Thanks firstly to Grant in New Zealand for the Repair Manual Scan. This gun wasn't very complicated but I didn't know where to start. His scan pointed out a tiny lockring on the trigger housing pin which is where you need to start the stripdown.
The gun shot 800fps when I got it, but it was very loud and twangy. I bought a new spring but decided that I didn't need all that power. All I wanted was a nice, classic shooter that could hit aspirins at 10 meters, in total silence, so I don't wake the dog. All I've got in the garage is 8m anyway.

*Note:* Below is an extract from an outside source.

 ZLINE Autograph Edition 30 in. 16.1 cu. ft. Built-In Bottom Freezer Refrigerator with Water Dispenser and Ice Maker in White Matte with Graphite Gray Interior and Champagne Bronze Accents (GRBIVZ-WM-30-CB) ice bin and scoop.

Once I broke it down, I sliced 6 coils from the new, stock spring. I bought a new seal as well, but the gun didn't need it. The original was nicely worn in and came out great with a good Silicone and Moly slush soaking. It's better than neatsfoot. Especially considering we are fresh out of neats in Virginia. I like to burnish the cylinder with Moly. The seal loves to ride on that.

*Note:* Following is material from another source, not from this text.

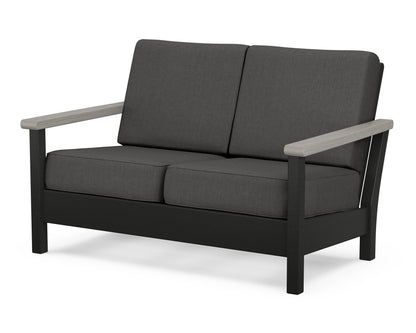 POLYWOOD® Harbour Deep Seating Loveseat in Black / Driftwood / Spectrum Carbon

I also chuck the piston in a drill press and polish the runners mirror smooth with crocus cloth.
This is the finished spring. I use a rubber wheel, chuck the spring in my vise, then grind away slowly, quenching often to keep the spring temper. Then you must pinch in the coil a bit with channelocks, then grind a square angle.

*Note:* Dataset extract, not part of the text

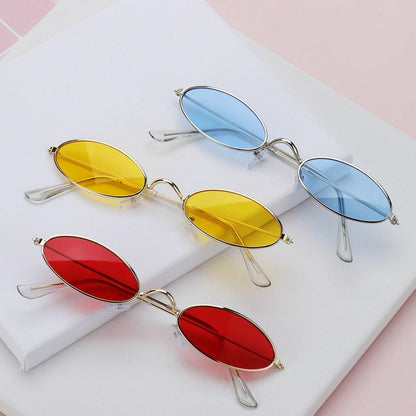 Oval Sunglasses 1pc Design Retro Small Vintage Shades Anti-blue Light Eyeglasses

Keep an angle on the end and don't burn the steel. This Diana has a great piston cover which fits over the spring nicely. I added brass washers in front of the spring, up front, to make up for the spring slice. I don't think it will cant.
The trigger is built like a brick shiphouse. It's not a Rekord, but I used a lot of hard stone on the sear and levers. Then, soaked in degreaser, dried, and squirted in several drops of a moly/rws-spring-oil-slurry. Nice stuff.
Trigger is down to 2lbs with a very generous first stage and a crisp letoff. There's that little, f$%&ing lockring. Take that off, push out the pin then remove the whole trigger group. Now, you can get to the spring.
Lots of spring tar and moly. I don't care about slowing it down, I want it quiet and smooth. If I want power, I got a .303 British.
I put the compressor right on the safety. It's like Glock plastic, indestructible stuff.
One does not live by spring alone. Time so far was like 45 minutes. It was hot and I needed a Bass and a few puffs of off the briar. This was not an HW tune by any means. I took an hour and a half. Primitive trigger but well machined. Lots of little things to polish, line up and moly though. That bottlecap will be a 30m backyard target tomorrow morning.
This thing now hits aspirins stuck on double stick electrical tape, offhand, whisper quiet, at 8m, with irons, and the dog sleeps right through it.
600fpm and 17 lbs of cocking effort.